(Beginning of Records for processing)

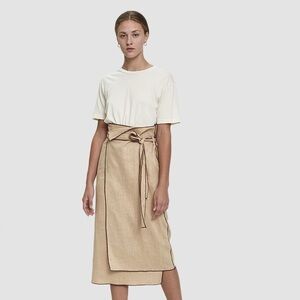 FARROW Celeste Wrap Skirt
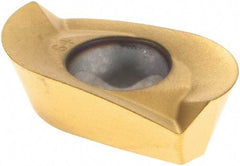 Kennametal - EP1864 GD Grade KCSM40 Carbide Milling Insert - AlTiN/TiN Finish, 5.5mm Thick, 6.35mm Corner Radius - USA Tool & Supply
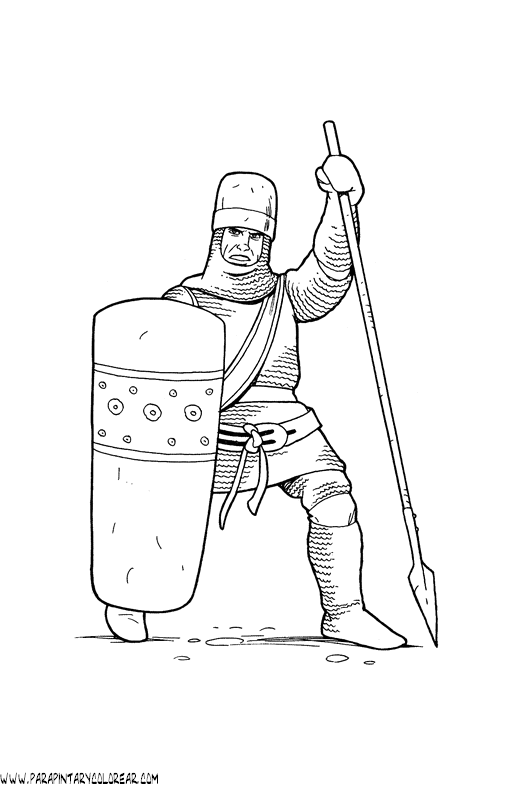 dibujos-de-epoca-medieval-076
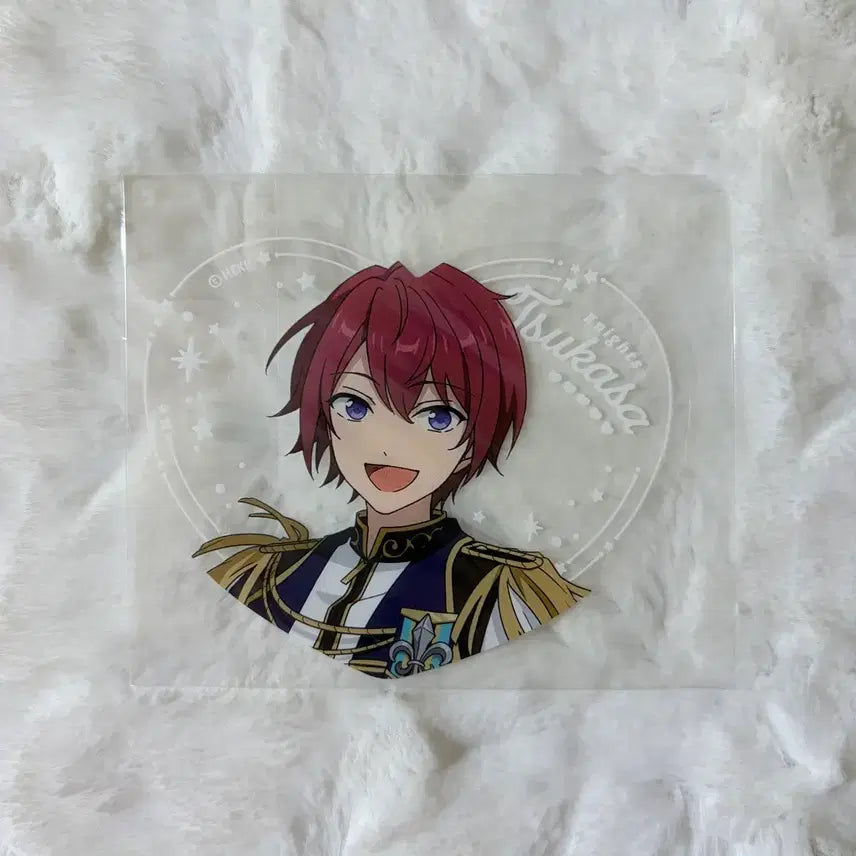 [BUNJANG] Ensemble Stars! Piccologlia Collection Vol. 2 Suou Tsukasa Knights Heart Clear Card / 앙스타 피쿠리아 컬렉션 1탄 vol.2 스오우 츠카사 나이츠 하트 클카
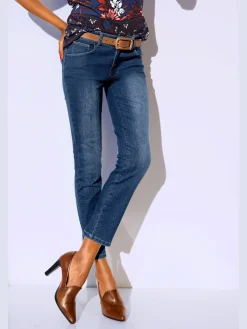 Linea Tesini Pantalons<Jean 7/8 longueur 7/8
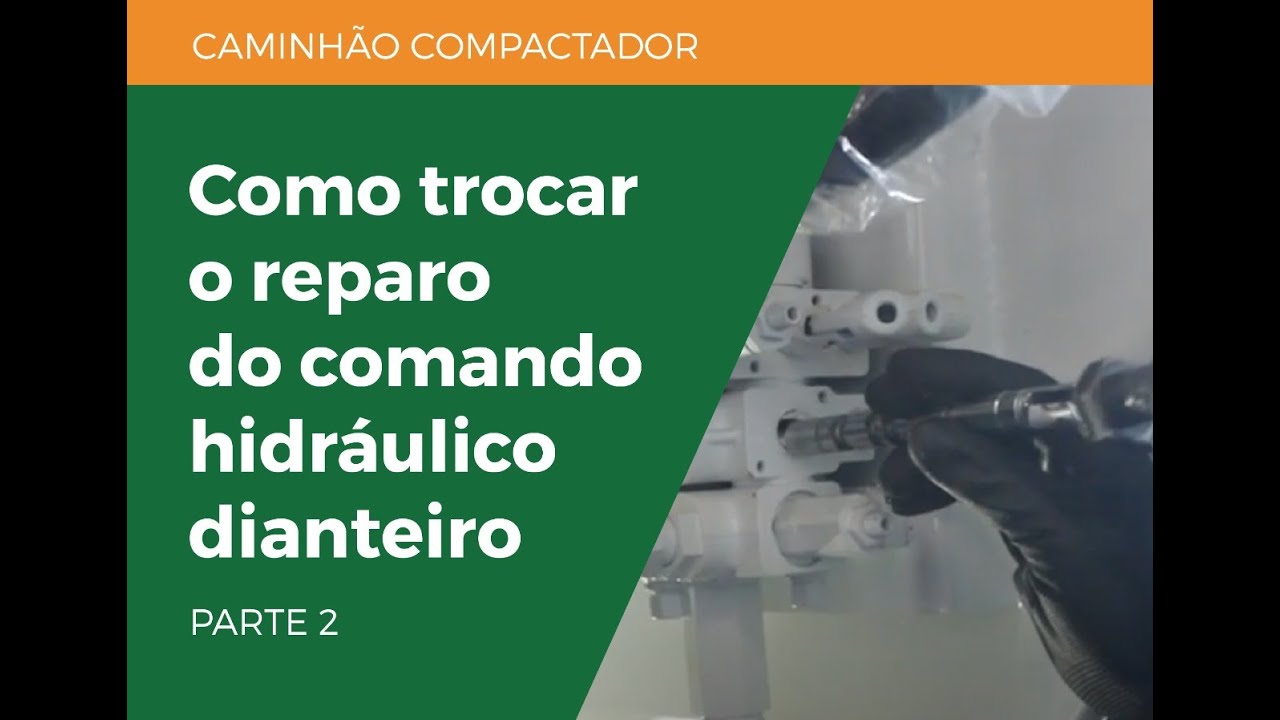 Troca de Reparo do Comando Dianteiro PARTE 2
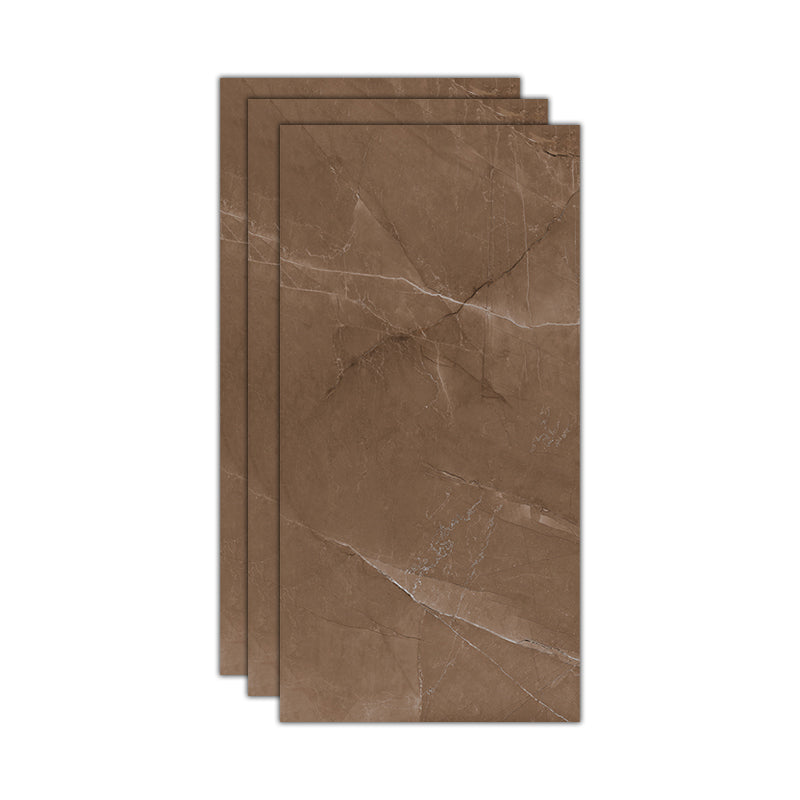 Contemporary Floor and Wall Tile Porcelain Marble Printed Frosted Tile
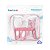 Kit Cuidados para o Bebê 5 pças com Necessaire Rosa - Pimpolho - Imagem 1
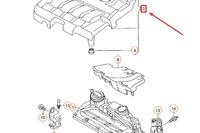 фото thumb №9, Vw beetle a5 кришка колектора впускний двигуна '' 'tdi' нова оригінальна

(End of Records for processing)
(Beginning of Records for processing)

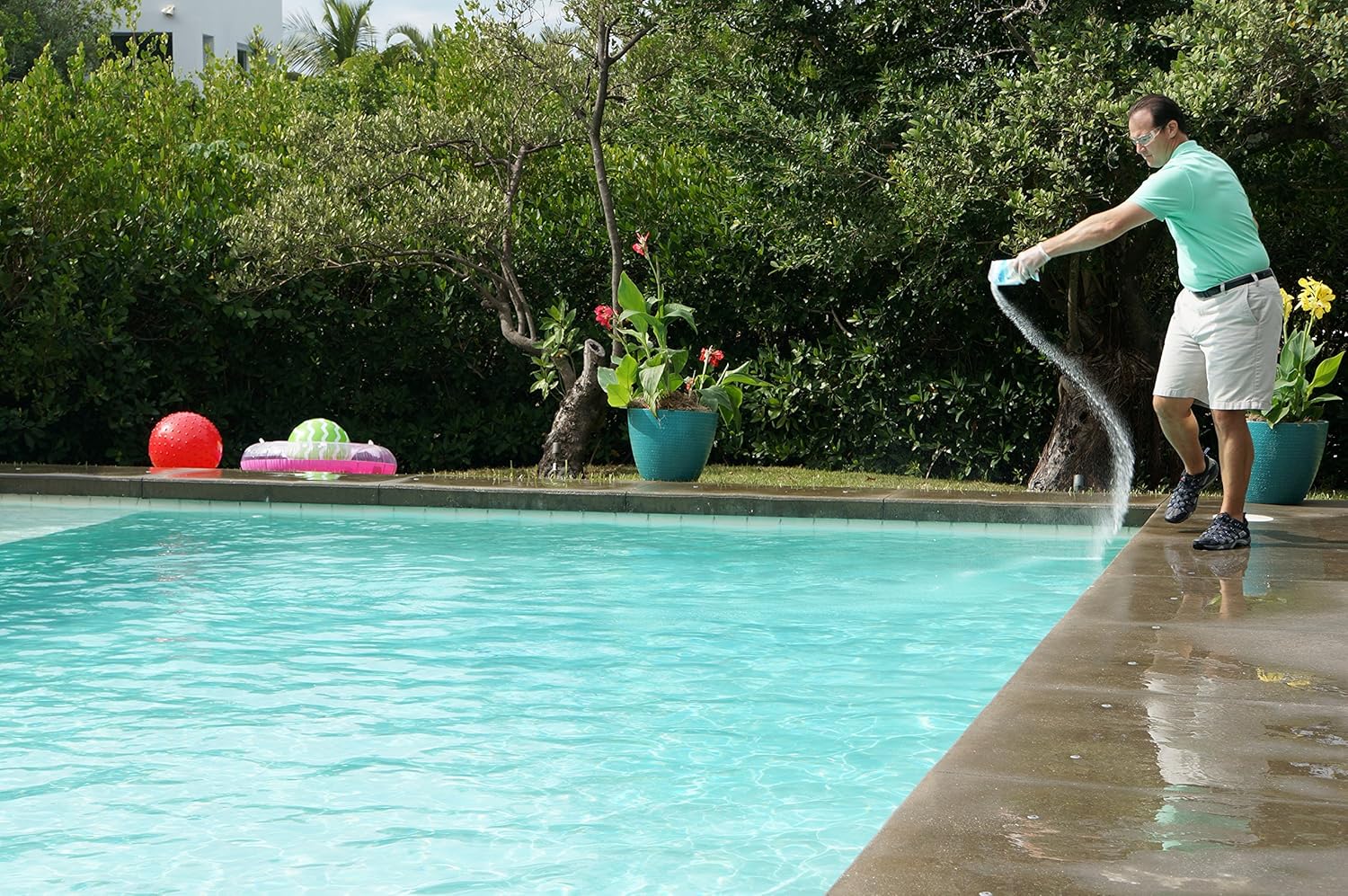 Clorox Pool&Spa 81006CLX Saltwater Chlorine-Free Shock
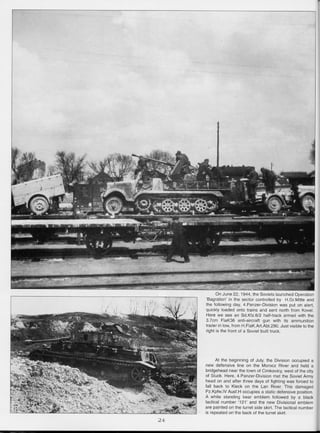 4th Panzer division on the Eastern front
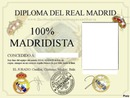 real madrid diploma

(End of Records for processing)
(Beginning of Records for processing)

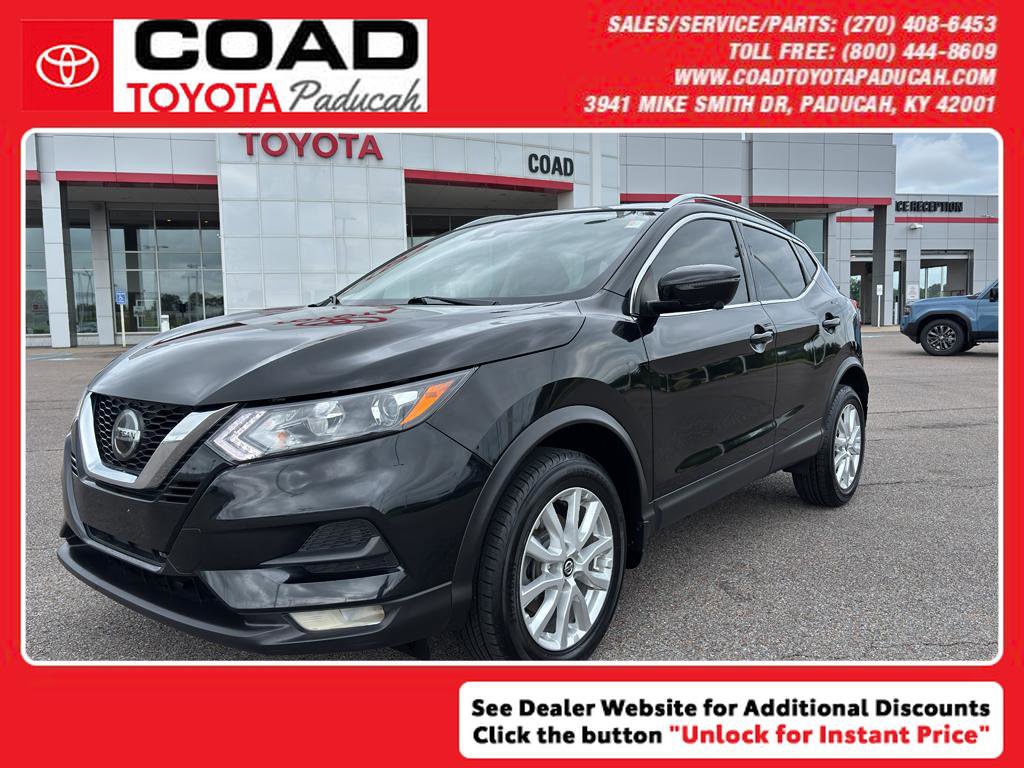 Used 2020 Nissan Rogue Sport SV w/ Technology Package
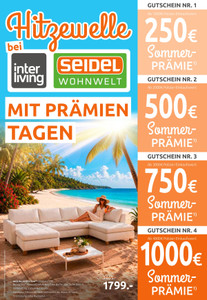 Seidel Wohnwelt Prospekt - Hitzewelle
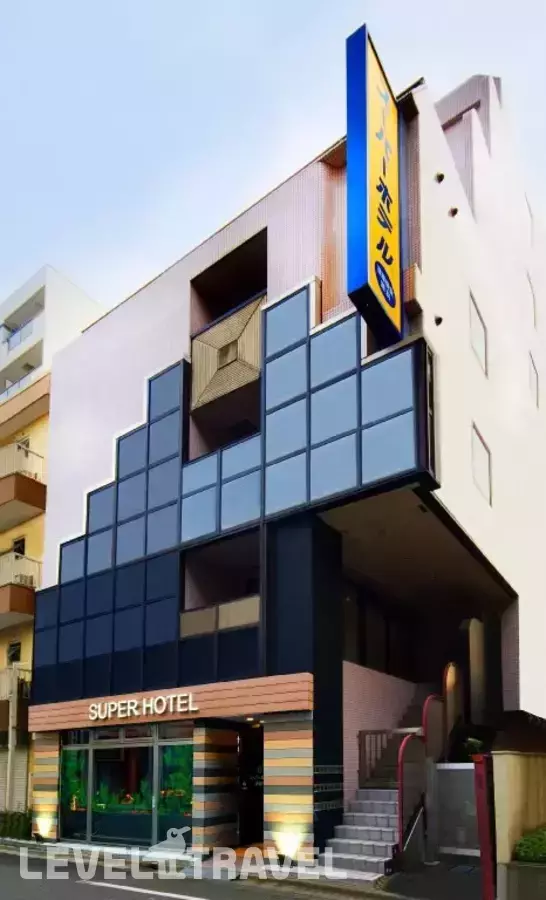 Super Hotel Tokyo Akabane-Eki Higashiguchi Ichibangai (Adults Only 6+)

(End of Records for processing)

With the pictures omitted, copy the entries above exactly from the line containing "4th Panzer division on the Eastern front" through the line containing "real madrid diploma", both lines included.

 4th Panzer division on the Eastern front
 real madrid diploma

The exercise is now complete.